The Effect of BC Supernatant and Cell Wall Fractions on
Migration
[0289] As shown in FIGS. 5 and 6, both Bacillus coagulans
supernatant (metabolites) and cell wall (CW) reduced the migration
of PMN cells towards the inflammatory mediator LTB4. This
anti-inflammatory effect was the strongest with the 30-200 kDa
fraction of both the metabolite and cell wall fractions. Because
the removal of small compounds in the 30-200 kDa fraction led to an
increase in reduction of migration that was greater than either
crude fraction alone, it is likely that the presence of small
compounds in the crude fractions inhibit the anti-inflammatory
effect, and that multiple signals are generated due to the presence
of differently-sized compounds in the BC30 crude fractions.
[0290] Thus, it is concluded that potent anti-inflammatory
compounds exist in the high molecular weight fraction of both the
supernatant (metabolites) and cell wall of Bacillus coagulans.
The Effect of Drying/Rehydration of BC Supernatant and Cell Wall
Fractions on Migration
[0291] The difference between a reconstituted sample and a normal,
non-dried sample was evaluated. An aliquot of crude BC metabolites
and crude BC cell wall were each allowed to evaporate under sterile
conditions followed by reconstitution to their original volume with
sterile water. These samples were then compared to crude
metabolites and crude cell wall that had not undergone the drying
and reconstitution steps.
[0292] As shown in FIG. 7, the dried/reconstituted crude
metabolites and crude cell wall fractions unexpectedly inhibited
migration greater than the non-dried fractions. The parallel
pattern of inhibition of LTB4-directed migration seen with the
non-dried fractions and a different, but also parallel response
seen with the dried fractions suggests that the drying and
rehydration process inactivated compounds that were inhibiting the
anti-inflammatory effect. Because FIGS. 5 and 6 show that the
removal of the <30 kDa fraction from both the metabolite and
cell wall fractions led to an enhancement in the reduction of
migration of PMN cells towards LTB4, it is likely that small
compounds (<30 kDa) were inactivated by the drying process.

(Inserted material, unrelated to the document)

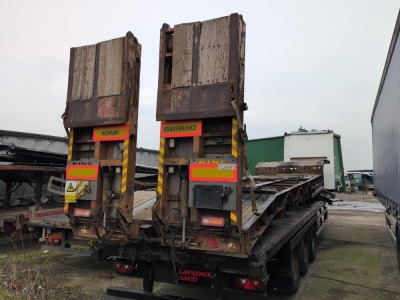 2008 King Trailers Tri Axle Low Loader Trailer - 9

[0293] Thus, drying and reconstitution unexpectedly increased the
anti-inflammatory effect of both the supernatant (metabolites) and
cell wall (CW) fractions, which was likely due to the inactivation
of small compounds (<30 kDa). Moreover, the results demonstrate
that the anti-inflammatory compounds present in Bacillus coagulans
supernatant and cell walls are stable after drying and rehydration,
which property is useful in the large scale production of these
fractions.
Example 8
Natural Killer Cell Activation (CD69 Expression)
[0294] Crude BC30 cell wall and BC supernatant (metabolite) were
fractionated into the following molecular weight ranges: a) <3
kDa, b) 3-30 kDa, and c) 30-200 kDa. Both BC fractions activated NK
cells. Induction of the CD69 activation marker on the NK cells was
determined in order to identify in which fractions most activity is
observed.
[0295] Freshly purified human peripheral blood mononuclear cells
were used for these assays. The cells are plated in 96-well
micro-assay plates in duplicate. Negative control wells in
quadruplicate were left untreated. Positive controls were treated
with interleukin-2 (IL-2) at a dose of 100 international units per
mL (IU/mL). After 18 hours of culture, cells were stained for the
activation molecule CD69 on the surface of CD3-negative,
CD56-positive NK cells. In this manner, the direct activation of NK
cells is examined in vitro.
The Effect of BC Supernatant and Cell Wall Fractions on NK Cell
Activation
[0296] As shown in FIGS. 8 and 9, both crude supernatant
(metabolites) and crude cell wall fractions increased NK cell
activation as indicated by an increase in CD69 expression. However,
as described below, there were some differences in supernatant and
crude cell wall fractions.
[0297] Metabolites (supernatant): Crude metabolites demonstrated a
dose dependent response, and the 3 highest doses resulted in highly
statistically significant increases in CD69 expression (P<0.01).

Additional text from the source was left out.